Relevantly, Indian mythologies are so rich and developed that they have been absorbed by many other countries and are vibrant in Indian people's lives even today, especially in their festival celebrations. On the contrary, Chinese mythologies are not so developed, much less relevant to today's life and few Chinese festivals are religion related.
Talking about ancient mythologies, there is an interesting fact. In Hindu mythology, most Gods have Goddesses as their wives, while in Chinese mythology, most Gods or Goddesses appear single. Maybe this reflects the higher social position women once enjoyed in the ancient Indian society.
Comparatively speaking, having lacked religious assertion, Chinese culture is more ready to accept foreign influences. In the last one hundred years, Western performing arts have gained much popularity in China and China now has its own ballet troupe and many symphony orchestras of high standards. There are even performances of ballet based on modern Chinese life and traditional Chinese operas accompanied by symphonic music. This might be unimaginable in India. Although China is famous for its cuisine and Chinese food has become synonymous with Chinese culture, Chinese people like Western food, too. Twenty years ago, there was no KFC or McDonald's in China, but now their outlets are all over China, in big and small cities alike, totaling about 1,000 and 800 respectively.

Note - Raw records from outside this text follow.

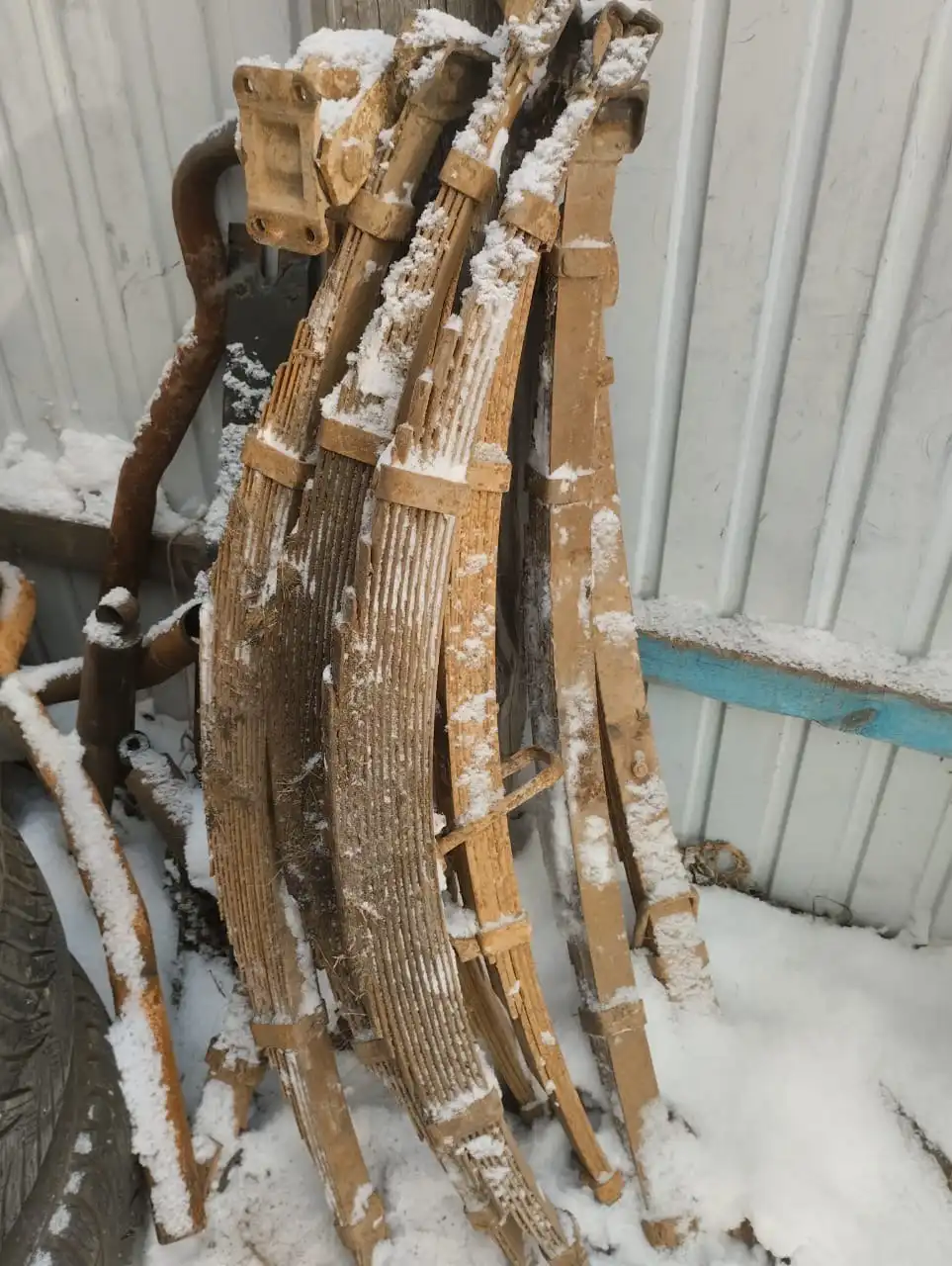 Продам рессоры на УАЗ - Запчасти в Турунтаево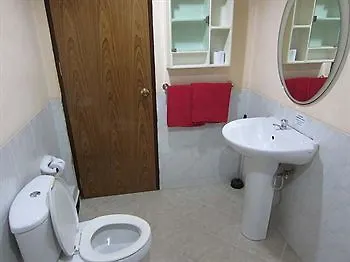 Robin's Nest & Restaurant Guest house *
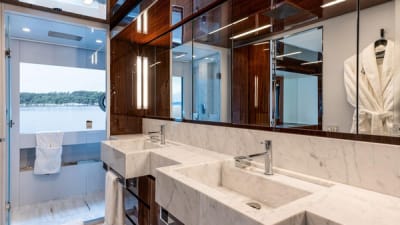 ONYX-16-gallery-thumbnail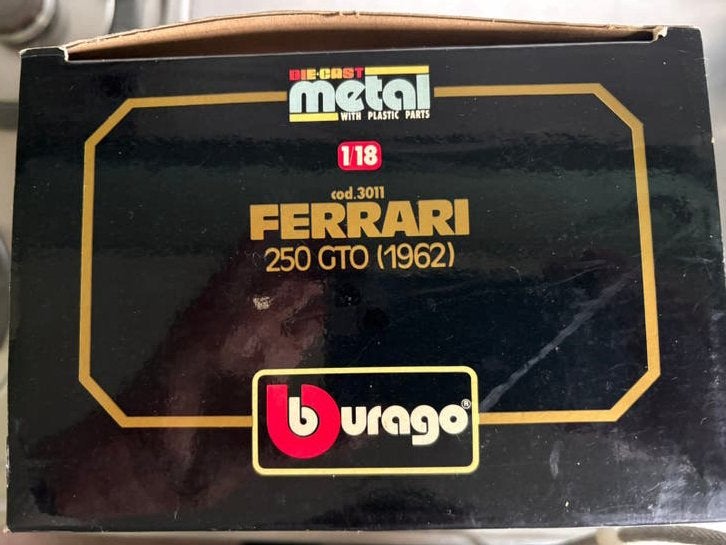 Rode Ferrari 250 GTO  ( 1962), Hobby en Vrije tijd, Modelauto's | 1:18, Ophalen of Verzenden, Nieuw, Auto, Bburago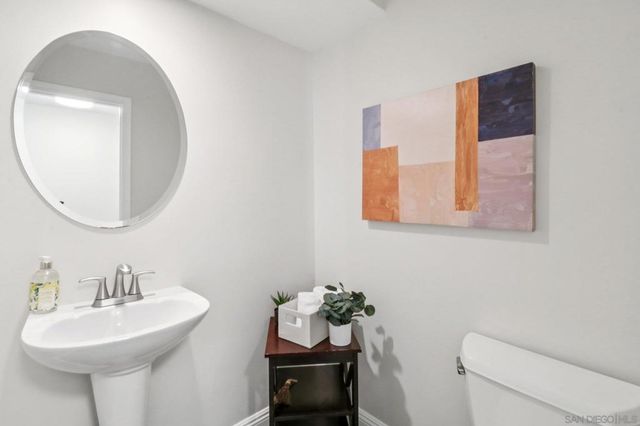 2829 Forest View Way, Carlsbad, CA 92008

From a historical perspective, the relationship between State and Civilization in ancient China and India is different. More than one thousand years ago, China was "one civilization within one state", while India was "many kingdoms within one civilization". In China, the state was the main force for unification, while in India, the sense of "unity" mainly came from the widely shared religious faith and passionate cross-region pilgrimages. Such historical difference is evident now in the names of Provinces/States of the two countries. Most Chinese provinces' names are related to their geographical location. For example, the names of Shandong and Shanxi Provinces literally mean "East of the Mountain" and "West of the Mountain". We also have the names of provinces like "South of the River" and "North of the Lake", etc. Many Indian states, on the other hand, are named after the majority people and their languages of the states, like Punjab, Gujarat, Tamil Nadu and West Bengal, etc.
Ladies and Gentlemen, my speech is quite long and needs to end now. Lastly, as a Consul General of China, I would like to emphasize that, in my opinion, Chinese culture is essentially an open culture. In ancient times, it is just because of its openness that Chinese ancestors learned the cultural essentials from "the Western Heaven", a respected term used by Chinese people when referring to India in the past. Historically, such openness played a decisive role in making China in Tang Dynasty one of the most developed countries in the world then. Today, under a new context, China is open to the whole world. In exactly one month's time, World Expo 2010 will be inaugurated in Shanghai, China. This is a significant step to invite the essence of all civilizations to China, with far-reaching historical significance for China's future development. Of course, World Expo belongs to the whole world, including India. I sincerely hope Indian friends would seize this opportunity, spare some of your time, and see the whole world in a city which is not far away from you.